另一种比二叉堆更节省内存的方法是将元组存储在数组中，其中包含左右子节点的值和位置。

实现看起来会有些不同，但相同的辅助方法会使代码保持简单：

def __init__(self):
    self._maxArraySize = 512
    self._array = [(None,None,None)]*self._maxArraySize
    self._size = 0

def setValue(self,p,value): 
    _,left,right = self._array[p]
    self._size   = max(self._size,p+1)
    return self._array[p] = (value,left,right)

def getValue(self,p):    return self._array[p][0]

def getLeftPos(self,p):  return self._array[p][1]

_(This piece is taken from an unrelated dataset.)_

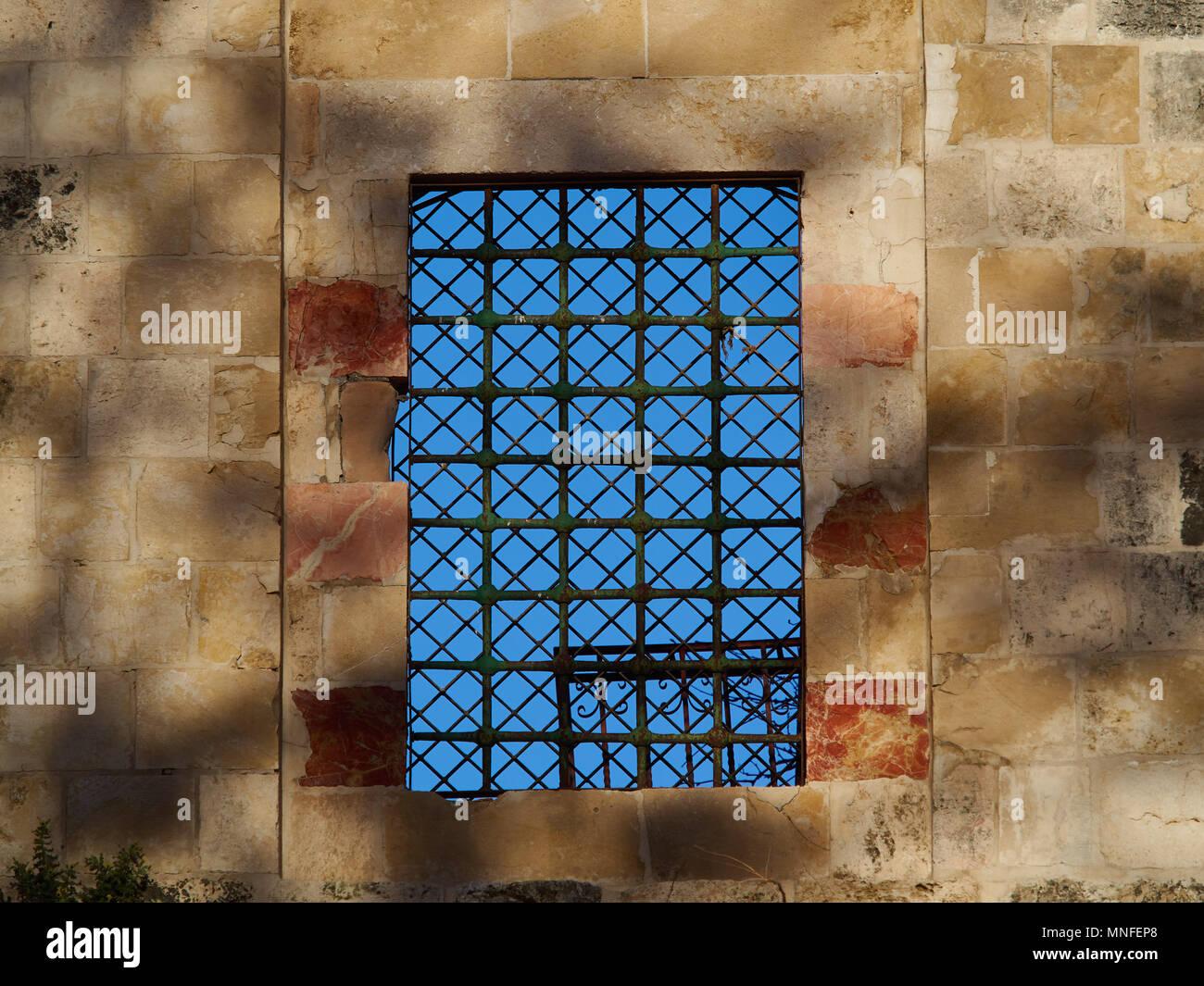 Antica traliccio metallico in uno spesso muro di pietra, attraverso un reticolo è possibile vedere un luminoso cielo blu, Gerusalemme, Israele. Foto Stock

def getRightPos(self,p): return self._array[p][2]

然后元素添加方法将是：

def setRoot(self,value):
    self.setValue(0,value)
    return 0

def setLeft(self,p,value):
    left = self.getLeftPos(p) or self._size
    self.setValue(left,value)
    self._array[p] = (self.getValue(p),left,self.getRightPos(p))
    return left

def setRight(self,p,value):
    right = self.getRightPos(p) or self._size
    self.setValue(right,value)
    self._array[p] = (self.getValue(p),self.getLeftPos(p),right)
    return right

您也可以为这些添加更多验证（最大大小、现有父级等）